If you get a strange notification on your phone or television Wednesday afternoon, you do not need to be alarmed.
It’s just a test, but don’t try to opt out of receiving it — there’s no way to stop the alert from popping up on your phone or television screen.
FEMA and the FCC will conduct a nationwide test of its emergency alert system at 2:18 p.m. Oct. 3, according to a news release from James City County.
The test comes in two different formats: the Wireless Emergency Alert and the Emergency Alert System. It’s intended to test the operational readiness of the infrastructure that distributes the national message, and determine whether improvements need to be made.

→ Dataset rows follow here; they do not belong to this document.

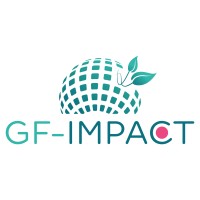 GF-Impact logo - Similar company to Htc Trading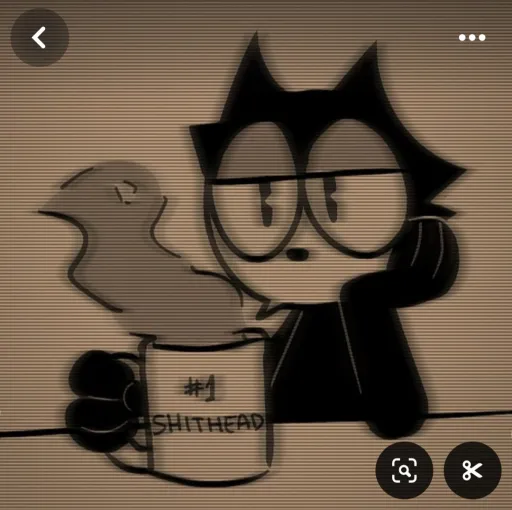 creator emily_evil666's avatar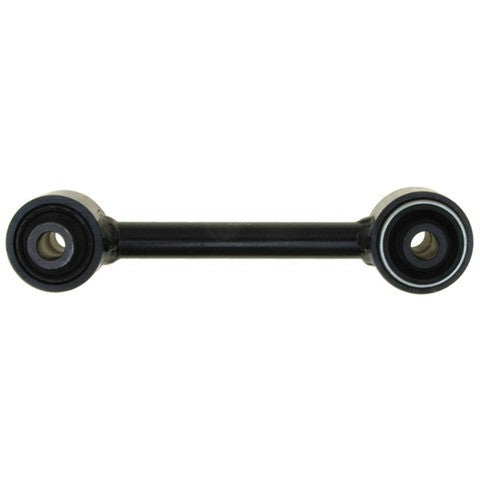 MOOG Chassis Products Suspension Control Arm P/N:RK641774 Fits: Mitsubishi Lancer 07-02, Mitsubishi Outlander 06-03 - Image 2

The WEA test, which is the first test of its kind, has a header that reads “Presidential Alert” and text that says: “THIS IS A TEST of the National Wireless Emergency Alert System. No action is needed.”
Cellphone users cannot opt out of the test, which uses the same special tone and vibration as AMBER alerts and tornado warnings. Cellular towers will broadcast the alert for about 30 minutes.
The WEA alert will reach any cellphone that is connected to a wireless provider participating in the test, switched on and within active range of a cell tower.
Real emergencies that can prompt a WEA message include AMBER alerts, extreme weather, other localized threats and Presidential Alerts during a national emergency.
The EAS alert is broadcast radio and television broadcasters, cable systems, satellite radio and television providers, and wireline video providers. It is similar to monthly tests of the system the public is accustomed to hearing.
The alert will read the following information: “THIS IS A TEST of the National Emergency Alert System. This system was developed by broadcast and cable operators in voluntary cooperation with the Federal Emergency Management Agency, the Federal Communications Commission, and local authorities to keep you informed in the event of an emergency. If this had been an actual emergency an official message would have followed the tone alert you heard at the start of this message. A similar wireless emergency alert test message has been sent to all cellphones nationwide. Some cellphones will receive the message; others will not. No action is required.”
The EAS alert has been tested three times in previous years, in November 2011, September 2016 and September 2017.
The EAS and WEA test was originally scheduled for Sept. 20, but was rescheduled because of ongoing recovery efforts after Hurricane Florence.